21 Ujian Tuhan

192 13 0
                                        

"Aduh Tereeee.... makasi ya mau nganterin gueee..." Kissa mengucapkan rasa terima kasih yang bertubi-tubi.

"Udah ngomong makasihnya nanti aja. Kita langsung jalan aja. Aduh Kissa, lo yang telat ujian kok gue yang ikut deg – degan sih." Tere memacu motornya dengan cepat. Pagi ini Kissa akan mengikuti ujian penerimaan mahasiswa baru di Universitas Apel. Kissa bangun kesiangan. Bundanya sedang mendampingi ayah yang sedang dinas di Medan sehingga tidak ada yang membangunkan Kissa. "Kiss, terobos jalur busway nih?" tanya Tere.

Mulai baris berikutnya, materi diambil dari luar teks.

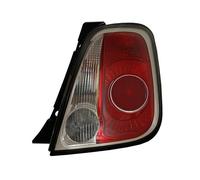 FARO-FANALE POSTERIORE SINISTRO FIAT 500 2007-2015 NERO MAGNETI MARELLI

"Terserah lo deh Ter, yang penting jam sembilan sampeee...." motor matic itu segera mengikuti motor – motor lainnya yang menerobos jalur busway. Sialnya, baru beberapa kilo menerobos jalur busway, sudah ada polisi yang sedang razia. "Oh shit!"

"STNK mana? SIM mana? Kenapa lewat jalur busway?" tanya Tengku Fahri, nama yang tertempel di seragamnya. Tere mengeluarkan semua yang diminta polisi muda itu. "Kenapa lewat jalur busway?" tanya polisi lalu lintas itu lagi.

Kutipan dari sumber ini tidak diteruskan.